京都の町衆と職人が江戸時代から粋と技で育んだ京町家が次々によみがえる。
イタリア料理、フランス料理の店、雑貨店、喫茶店、ギャラリー……。新緑の古都を彩る人気のスポットだ。その数、約600軒。まだ増えている。衰微する一方だった町家が見事なブランド力を獲得した。
その火をつけた。90年に開いた、おばんざいといわれる京風家庭料理の店「百足(むかで)屋」がきっかけだ。四条烏丸の交差点近くの呉服屋だった建物。モルタルの壁やシャッターなどをはぎ取り、京町家本来のぬくもりや落ち着きを浮かび上がらせた。
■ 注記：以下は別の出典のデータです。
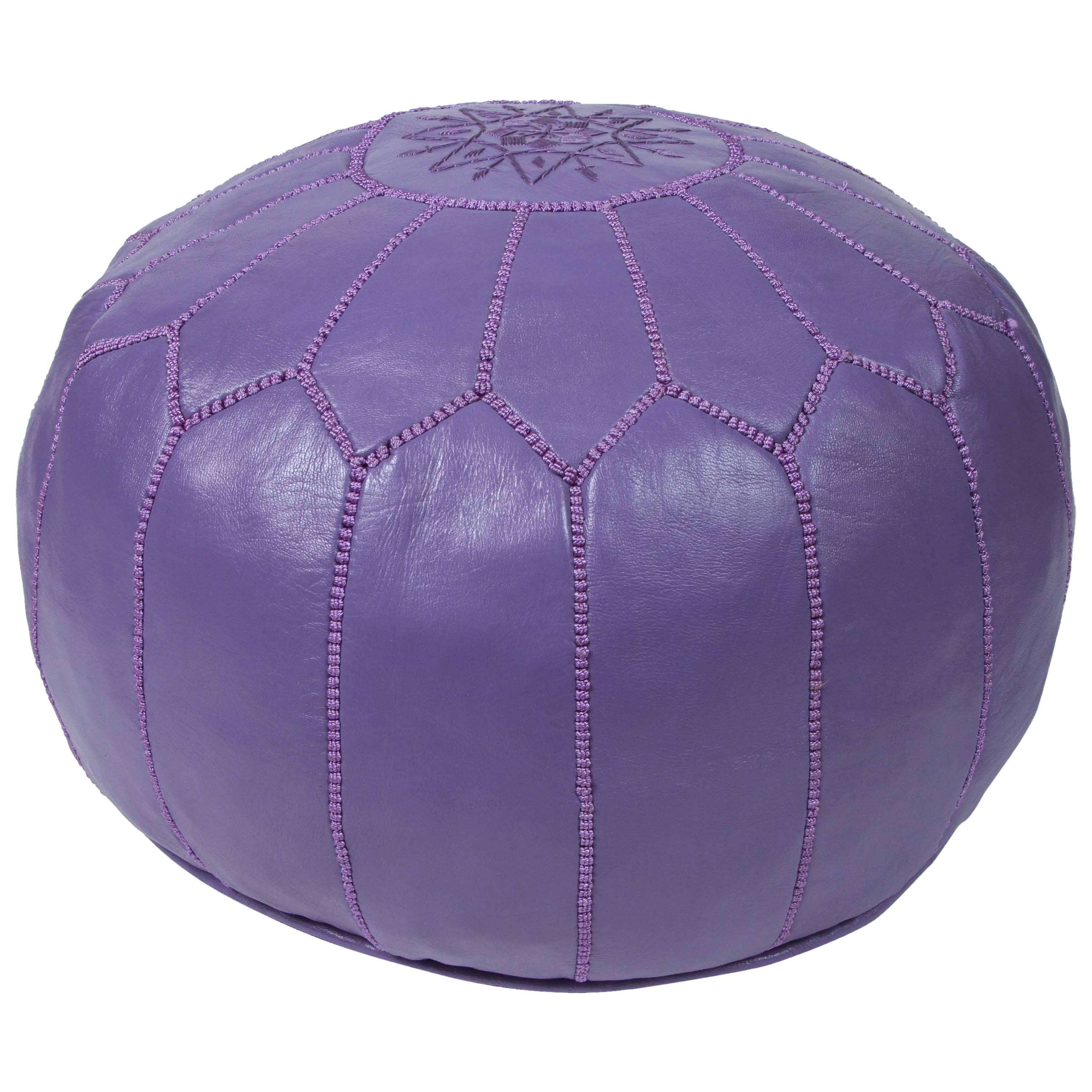 Hand-Tooled Moroccan Lavender Color Leather Pouf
現代人には新鮮な細長いつくり、吹き抜けの土間「通り庭」、色鮮やかな京唐紙や使い込まれた道具類――。評判は口コミでまず広がり、後に続きたいという人から相談が続くようになった。市民団体などによる町家の保存活動とも相まって「町家ルネサンス」は加速。市も00年「京町家再生プラン」をまとめ、保存に乗り出した。
京都に4代続いた宮大工の長男。西陣の町家に生まれた。10歳で父を失い、母が西陣織の出機(でばた)をして生計を立てた。広い土間から響く織機の音が子守歌だった。
模型作りが好きで工業デザイナーにあこがれたが、中学卒業後やむなく呉服屋に就職。働く傍ら通った市立堀川高校定時制で能楽に出あう。その奥深さに魅せられ、けいこに没頭した。
能を通じ欧米からの留学生たちと知り合う。捨てられた火鉢をワインクーラーとして使っていた。自分たちより日本的な暮らしぶり。切り口を変えれば、伝統的な物が美しく再利用できることを学んだ。
「京都は文化でめしが食えるか」。そのころ京の街に流れたキャッチコピーだ。
経済で東京や大阪の背を追いかける京都でも、京セラなどハイテク産業が伸びていた。伝統産業よりハイテク産業。そんな意味だったのだろう。
血が騒いだ。日本のハイテク産業の基本には、京の伝統産業や手仕事があるはずだ。それまで全部捨てろというのか。
「将来、京文化でめしを食ったる」。心に決めた。
74年、京都・嵯峨野の二尊院門前。牛乳屋の軒先にゴザを敷き、イーゼルを立てた。1枚25円の色紙に水彩で風景画を描き、500円で売った。素焼きの土鈴に千代紙をあしらった土産物も、あたった。
「自分で作ったものを自分で売りたい」。京文化で食っていく起業だった。3万円の元手は5年で100万円に。和雑貨の製造と卸を手がける「クラフトくろちく」を79年に設立した。
和雑貨の製造と卸、飲食店経営、町家再生の設計や店舗監修やディベロッパー――。多彩な京文化ビジネスでいまや年商約20億円。町おこしコンサルタントとして各地に足も運ぶ。